**Records for the exercise**
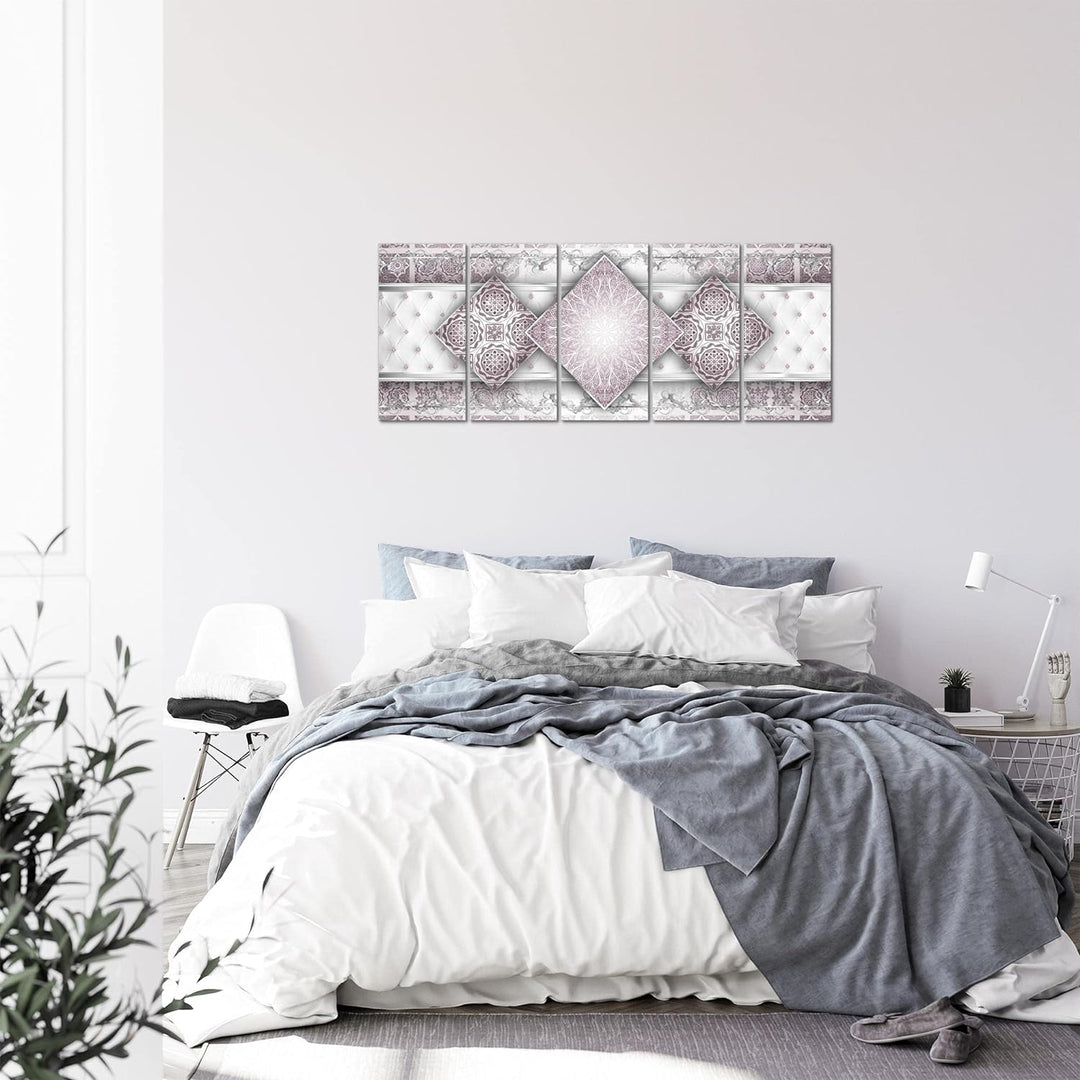 Runa Art Bild Abstrakt Mandala Wandbilder auf Vlies Leinwand 5 Teilig Wanddekoration Wohnzimmer Schl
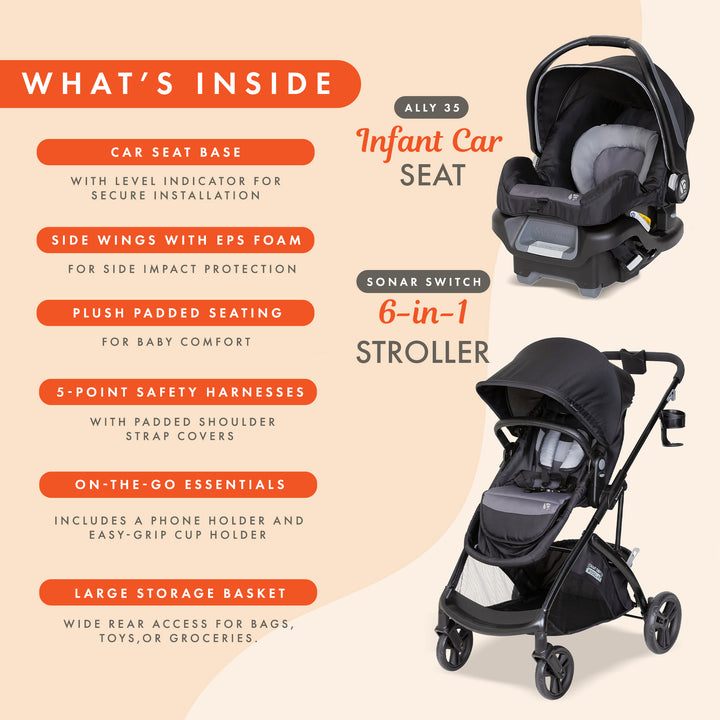 Baby Trend Modular Stroller Sonar Switch with Ally Infant Car Seat, Desert Grey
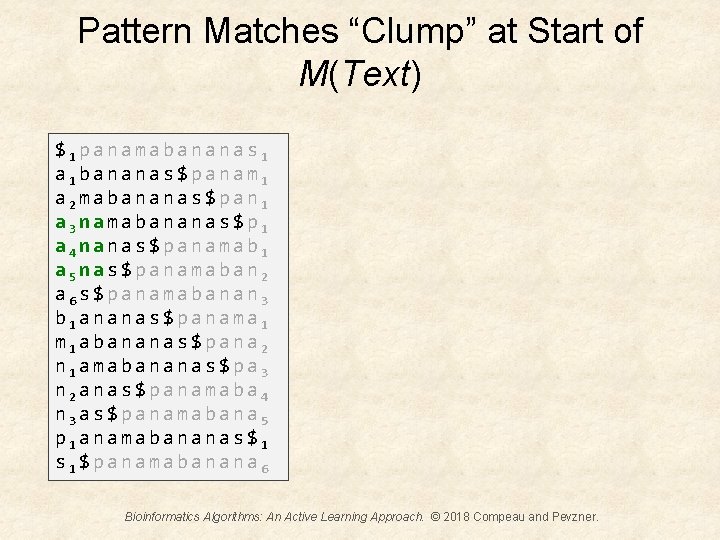 Pattern Matches “Clump” at Start of M(Text) $1 panamabananas 1 a 1 bananas$panam 1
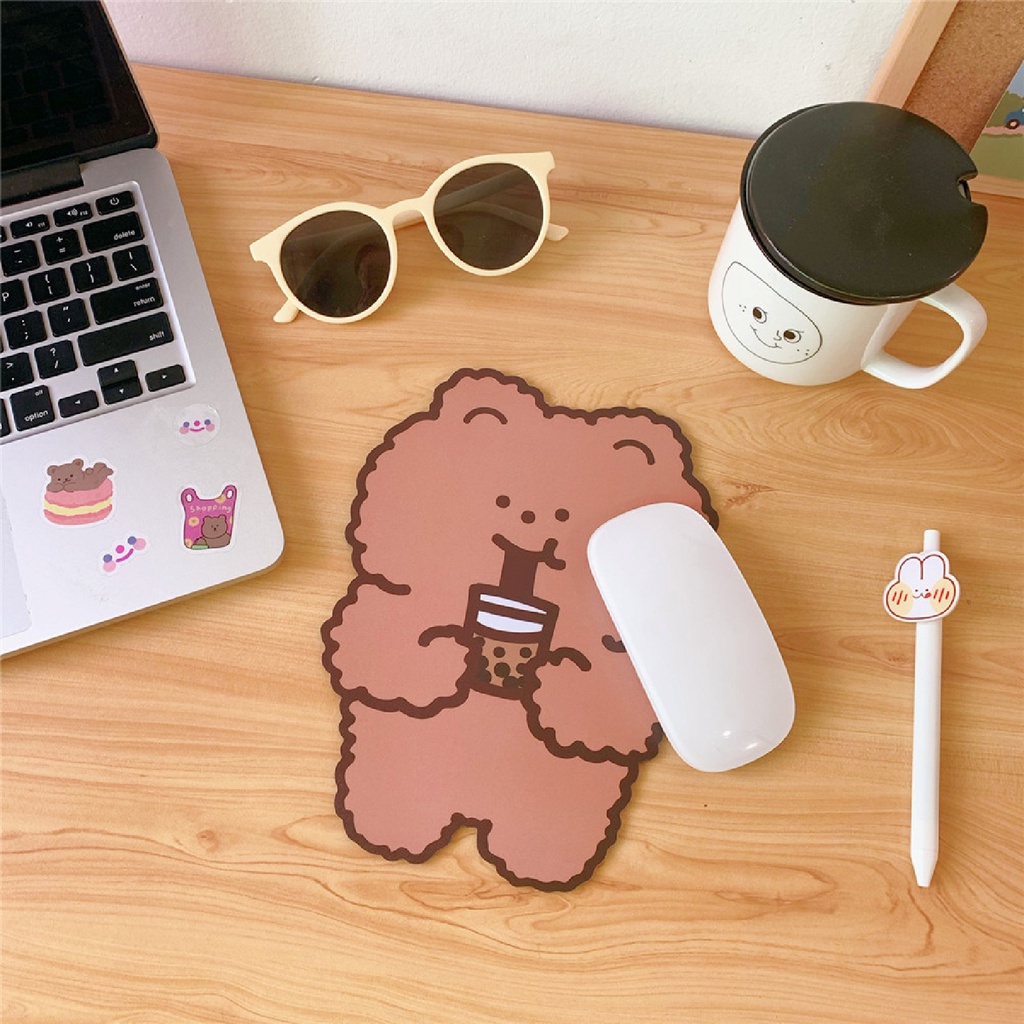Thảm Lót Chuột Chống Trượt Bằng Cao Su Hình Gấu Hoạt Hình Dễ Thương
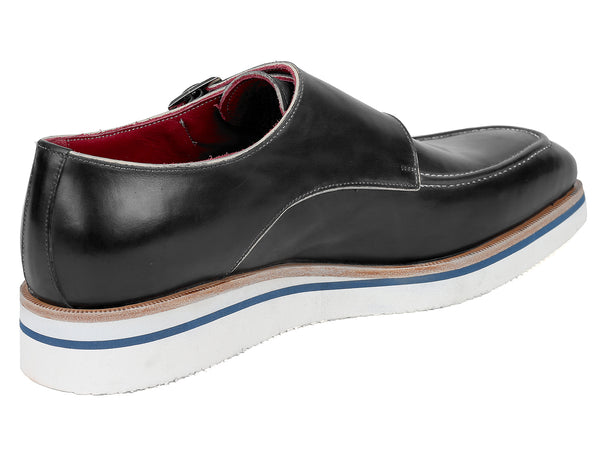 Paul Parkman Men's Smart Casual Monkstrap Shoes Black Leather (ID#189 ...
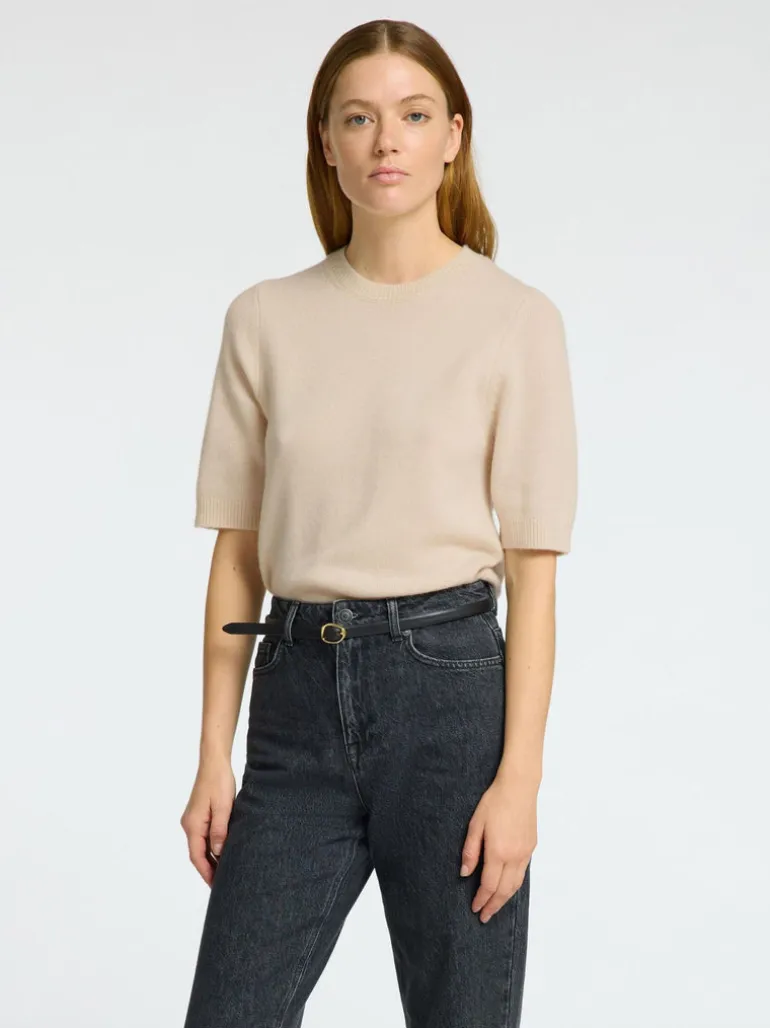 Selected Femme Cille Knit Top Birch Melange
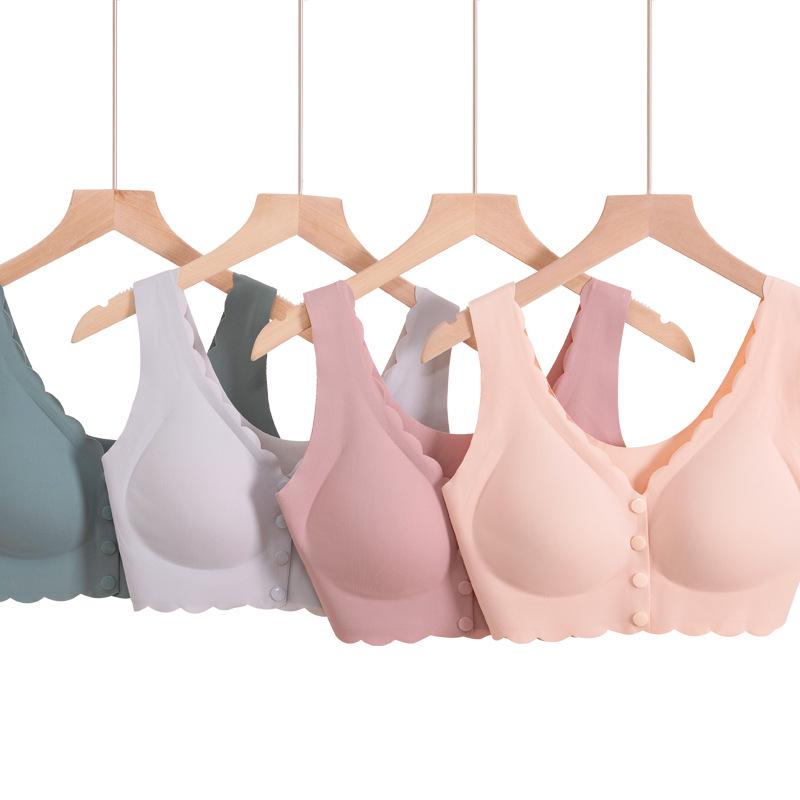 Ice Silk Wireless Bra: Seamless Front-Closure for Middle-aged and Elderly Women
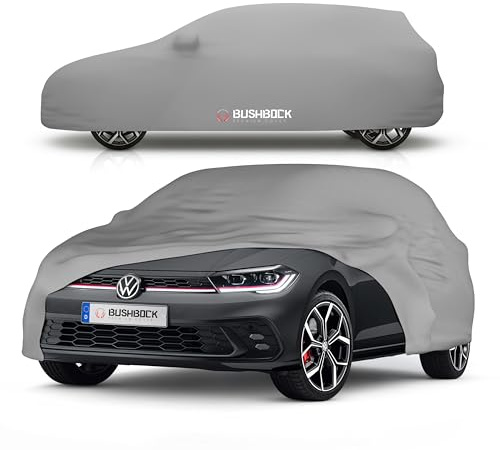 BUSHBOCK® Premium Autoabdeckung Indoor - (Silbergrau, S) | Extra dickes samtweiches Car Cover für Innenräume. Staubschutz in Perfektion. Besonders lackschonende Autoplane – Abdeckplane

**Task objective**
Say again, exactly, only those lines of the records that run from the start through the line with "Thảm Lót Chuột". Pictures are to be skipped.

**Written answer**
 Runa Art Bild Abstrakt Mandala Wandbilder auf Vlies Leinwand 5 Teilig Wanddekoration Wohnzimmer Schl
 Baby Trend Modular Stroller Sonar Switch with Ally Infant Car Seat, Desert Grey
 Pattern Matches “Clump” at Start of M(Text) $1 panamabananas 1 a 1 bananas$panam 1
Thảm Lót Chuột Chống Trượt Bằng Cao Su Hình Gấu Hoạt Hình Dễ Thương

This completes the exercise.